It’s less than 3 weeks ’til Shavuot and it’s been 5 years of Raizy!

It’s the 5th anniversary of my picture book about Shavuos, A Dozen Daisies for Raizy, and I’d like to learn from teachers and librarians what activities they’ve used with the book and how their kids have responded to it. If you have pix of art projects or the like, that’s even better!

You can respond to me in the comments below or privately at beccaklempner@gmail.com.

So little time, so many books to write…

I’ve been busy recently with editing projects, creating a new website (for family campers), and dealing with the general craziness in the Klempner family. That means that I haven’t been doing my own writing very much in the last month. I sat down today to revise something I worked on a couple of weeks ago in my writers’ critique group, and it felt divine. Ahhhh…

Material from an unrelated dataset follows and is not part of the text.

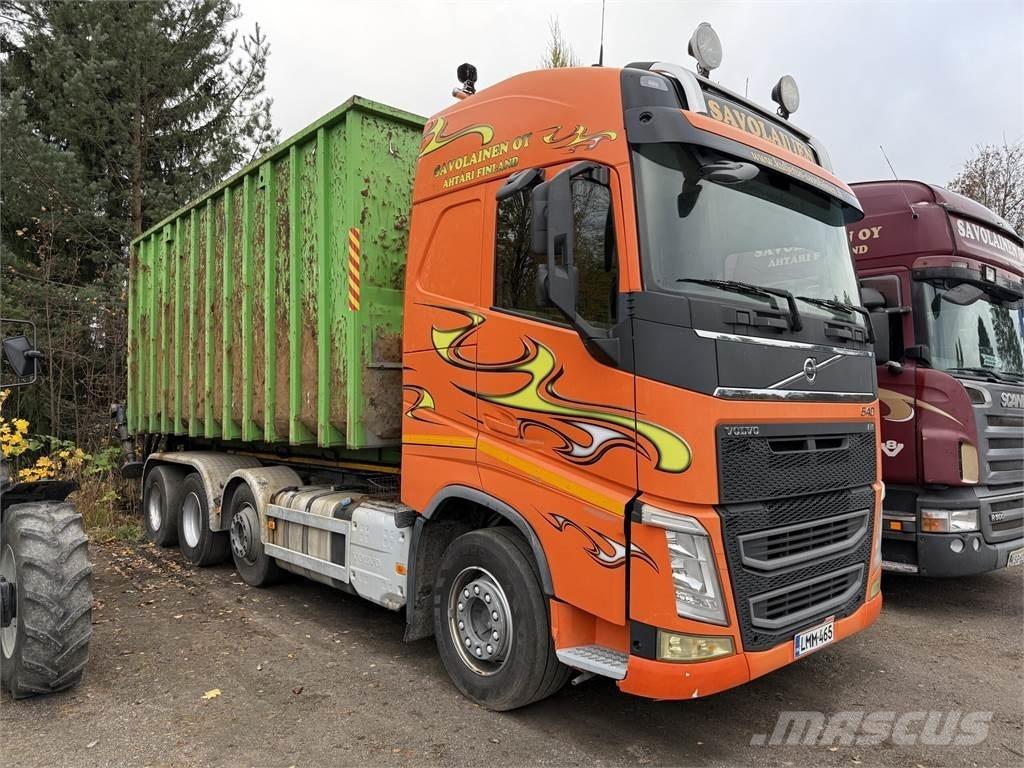 Volvo FH13 540 8X2 Vrachtwagen met containersysteem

Another thing that kept me busy for the past month was an author visit. I read A Dozen Daisies for Raizy just in time for Shavuot & we did a great art project with the students (here are a couple more Raizy tie-in project suggestions…1&2). As usual, the kids wanted to know if there were any more books written about Raizy. I had to explain (again) that in fact I’ve written two sequels, one of which has never been published, the other of which was revised with a different central character and longer format, then published as a short story in Mishpacha Jr. 

I miss Raizy. But rejection letters have demoralized me. I haven’t even tried to write a sequel for quite a while. I’m planning to write another novel this summer, but I think I’ll also try my hand (again) at a follow-up to Raizy. 

I’ve already started brainstorming and scribbling away in my little notebook.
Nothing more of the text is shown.